Hi there c: You know who I am and that I'm a (very) amateur/hobbyist writer. I know how my story will begin and end, though I'm very unsure about what I can do in the middle. All I have is a romantic subplot, and 3 smaller plot points that develop characters and help worldbuild. How many plot points would you recommend in a novel, minus the beginning and end points?
How Many Plot Points Are Enough?
This is a tricky question, because every single book is different, and ever plot point takes a different amount of words to cover. But if you already have your beginning and end, then you’re off to a great start.

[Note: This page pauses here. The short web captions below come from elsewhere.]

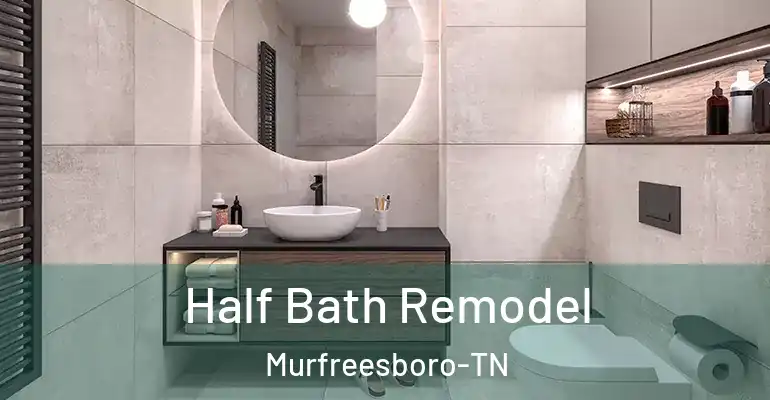 inner Bathroom imggen Half Bath Remodel Murfreesboro-TN
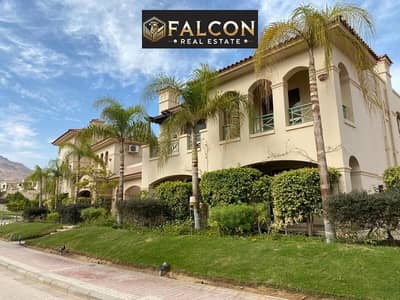 For sale: Chalet (first row directly on the sea) with a down payment of 460,000, immediate occupancy + full finishing by Lavista in the heart of Ain S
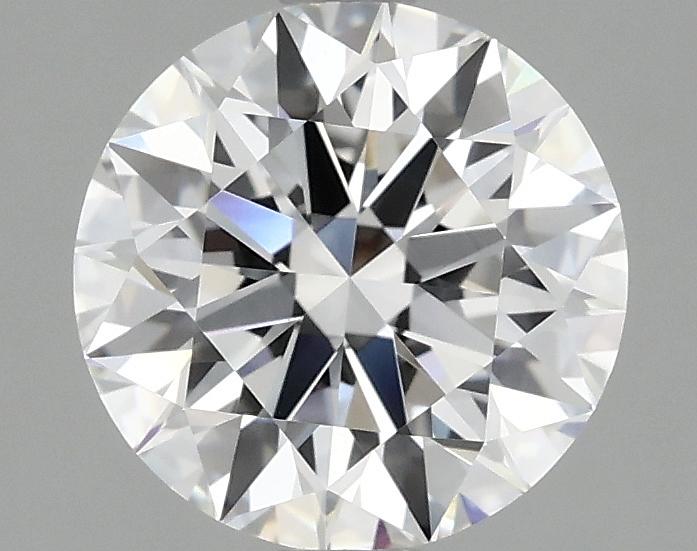 1.99 Carat Round Shaped Ideal Cut VVS2 IGI Certified Lab Grown Diamond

My advice would be to turn those smaller, character developing plot points into something larger. Every plot point (and scene) needs to have a direct effect on what comes after it, and on the book’s ending. Which is to say that if you take out anything in your outline, the ending should be changed drastically.
I’m assuming that if you have an ending, you have an antagonist, and if you have an antagonist, you have a Big Bad Thing your protagonist wants to prevent. Every plot point should be a step your protagonist takes in the processes of preventing that Big Bad Thing, in which the antagonist subsequentially makes that Big Bad Thing more Big or more Bad and harder to prevent.
Sometimes the protagonist knows all the steps ahead of time (like in a heist or a quest), though most of the time they only know the next step they’re going to take, which they may believe will be the final step. But you as the writer should know the entire process already.
If you’re struggling with not having enough meat in your book, try taking a couple of these steps, and throwing a wrench into them. How does your protagonist deal with having their plan utterly fail? What happens when you take away all the resources they were counting on? If they sacrifice everything to try to accomplish what they think will prevent the Big Bad Thing, but still fail, what do they do next? How do they recover, to come back harder and stronger the next time?
You don’t want to push your protagonist to their breaking point until the end of the story, just before the climax, but you still want to fracture a few bones along the way. Every time you hit them with something that throws them off their path, they have to find a new and better method of getting to the next step.
That’s all a plot is; your protagonist moves towards a goal, at times a constantly shifting goal, and as they do, they alternate between making progress, and being forced to side track around an ever larger obstacle.